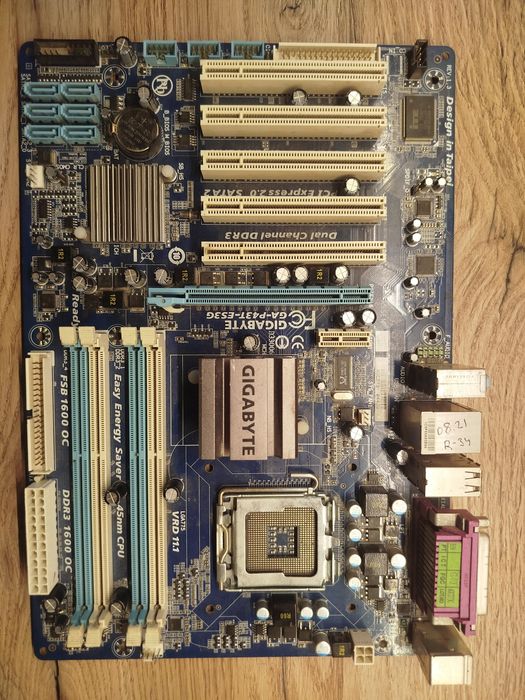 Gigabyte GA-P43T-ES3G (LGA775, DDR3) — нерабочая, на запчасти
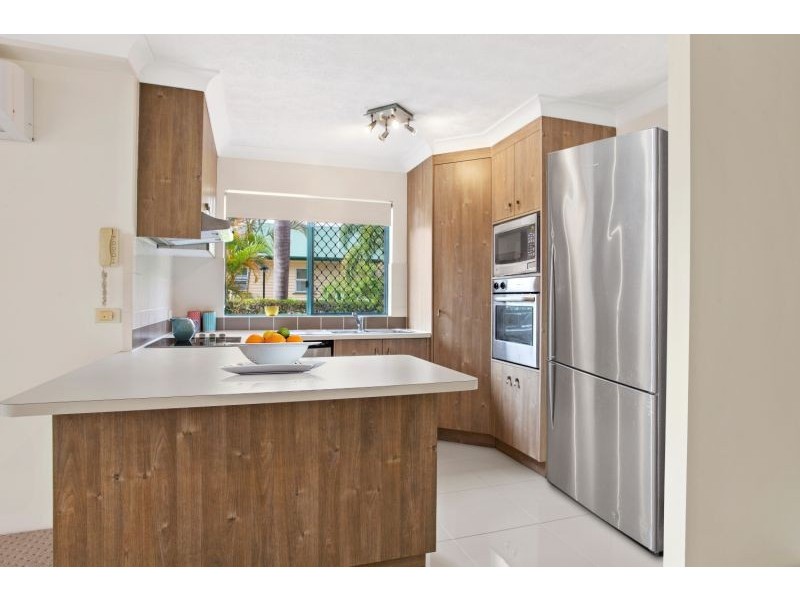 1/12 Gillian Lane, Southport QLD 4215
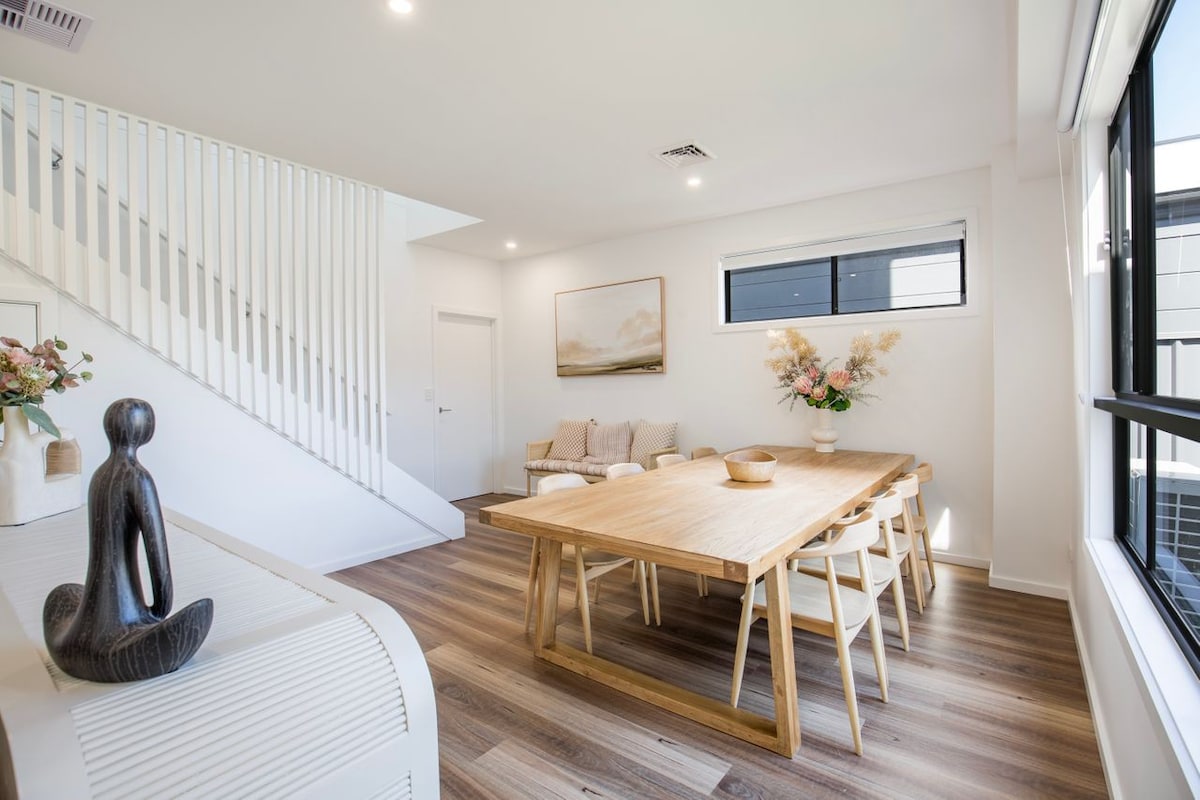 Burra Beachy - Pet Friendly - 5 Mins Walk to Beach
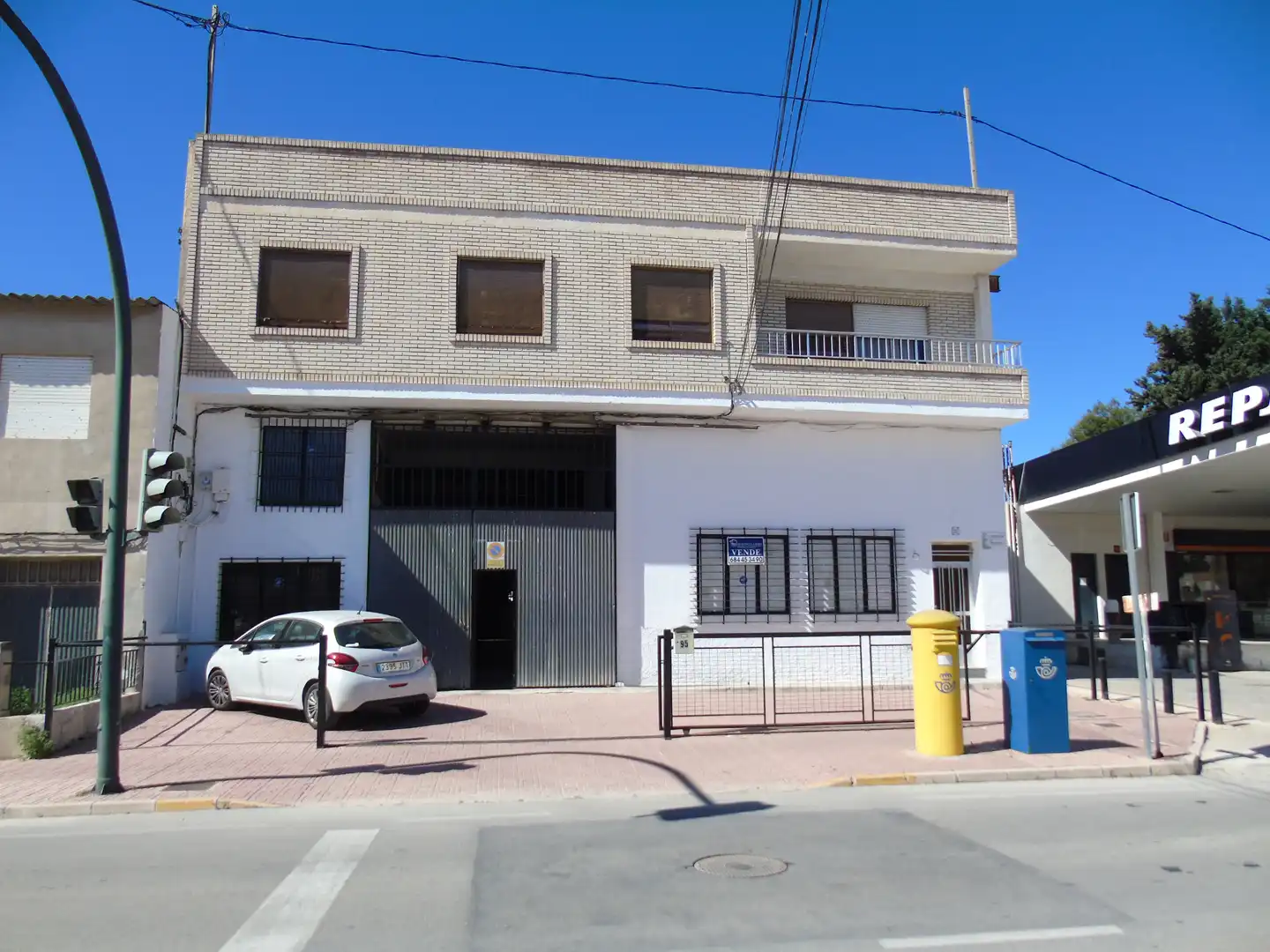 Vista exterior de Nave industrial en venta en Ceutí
...
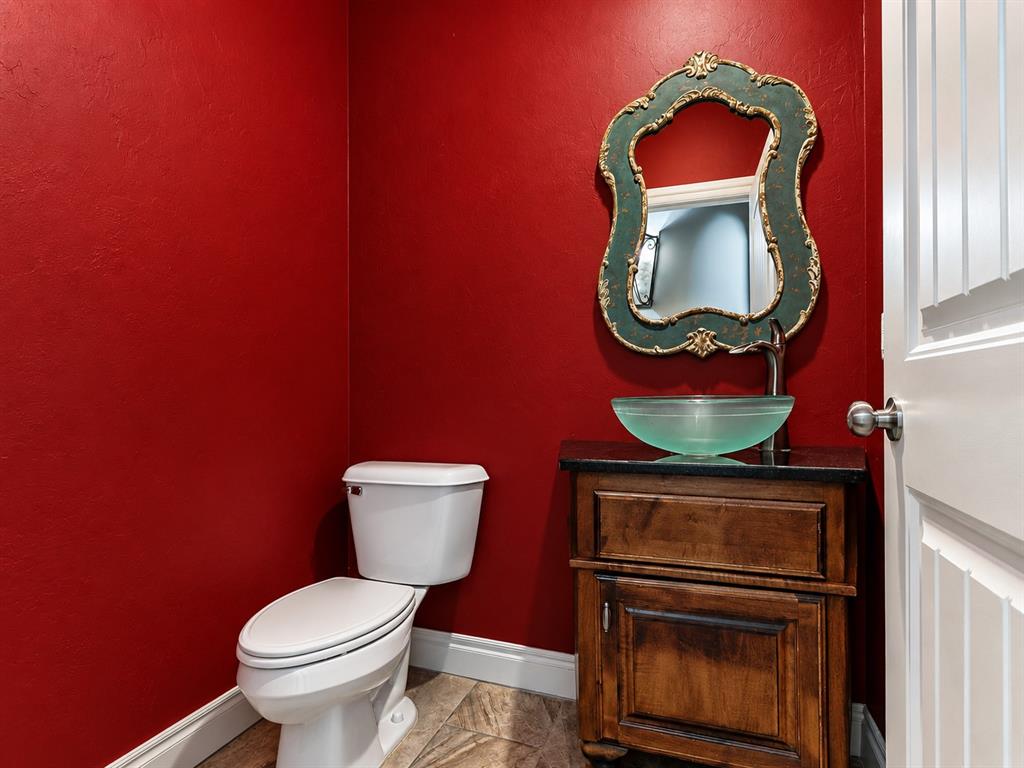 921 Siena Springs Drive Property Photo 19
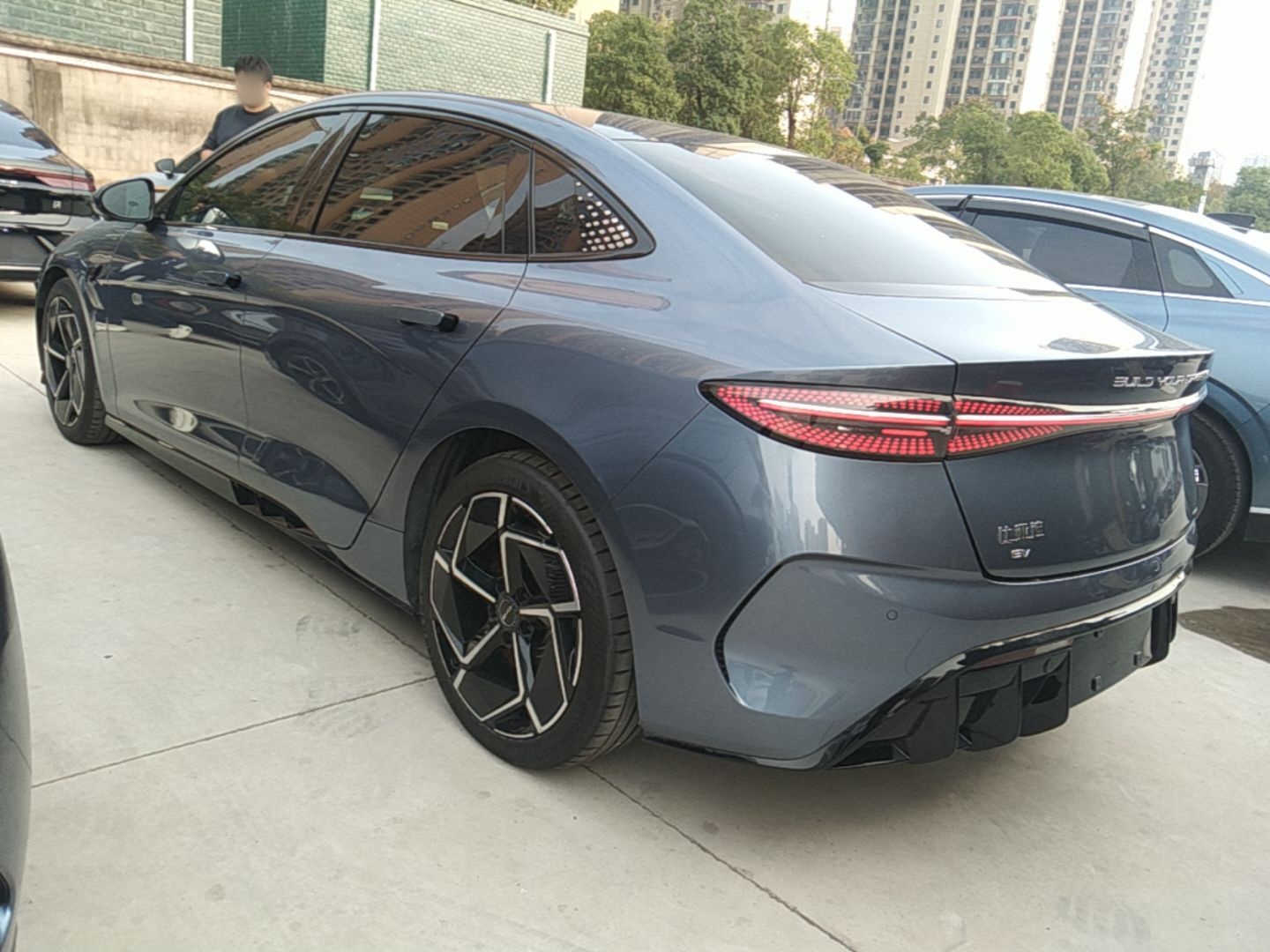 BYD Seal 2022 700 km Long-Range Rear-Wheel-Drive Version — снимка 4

**EXERCISE PROMPT**: Treat the line with "Gigabyte GA-P43T-ES3G (LGA775, DDR3)" as the start and the line with "Vista exterior de" as the end, and return exactly that span of the data above, both ends included, without pictures.

**COMPLETED TASK**:
 Gigabyte GA-P43T-ES3G (LGA775, DDR3) — нерабочая, на запчасти
 1/12 Gillian Lane, Southport QLD 4215
 Burra Beachy - Pet Friendly - 5 Mins Walk to Beach
 Vista exterior de Nave industrial en venta en Ceutí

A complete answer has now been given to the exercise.